▶ [Requirement] Set out word for word the line that contains "Page 18 Chapter" and each line after it, through the end of the data below, but exclude the pictures.

▶ [Supplied material]

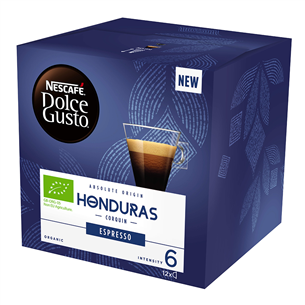 Coffee capsules Nescafe Dolce Gusto Espresso Honduras
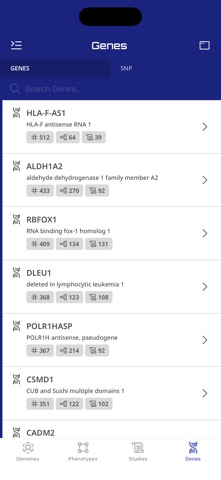 Genodex Screenshot 7 of 7
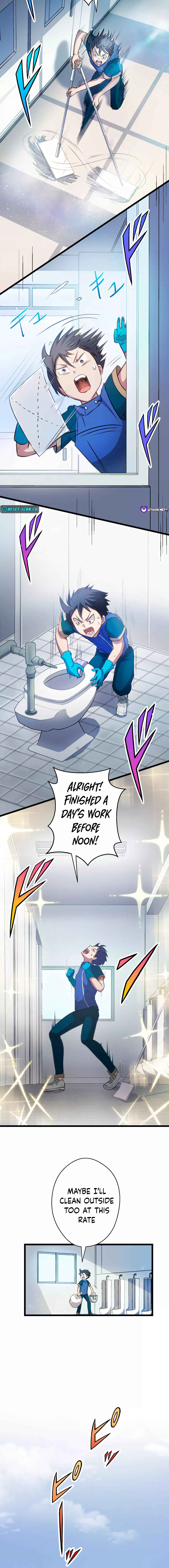Page 18 Chapter 1 Chouten Hoshokusha ~Chikyuu Saijaku no Ore ga Uchuu Saikyou~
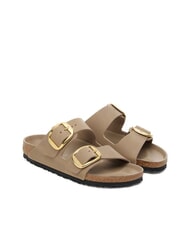 BIRKENSTOCK ARIZONA BIG BUCKLE Papuci din piele cu 2 barete - Pantofi femei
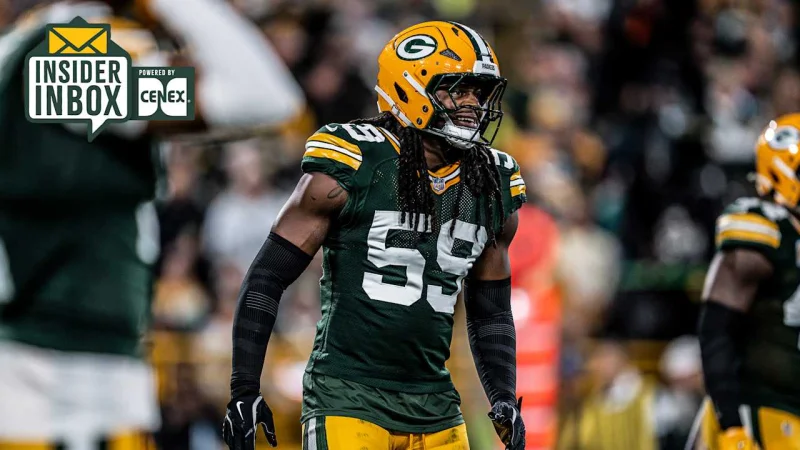 Ty'Ron Hopper ready for the moment Green Bay drafted him for — Lions Vs Packers will tell the real story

▶ [Solution for this problem]
Page 18 Chapter 1 Chouten Hoshokusha ~Chikyuu Saijaku no Ore ga Uchuu Saikyou~
 BIRKENSTOCK ARIZONA BIG BUCKLE Papuci din piele cu 2 barete - Pantofi femei
 Ty'Ron Hopper ready for the moment Green Bay drafted him for — Lions Vs Packers will tell the real story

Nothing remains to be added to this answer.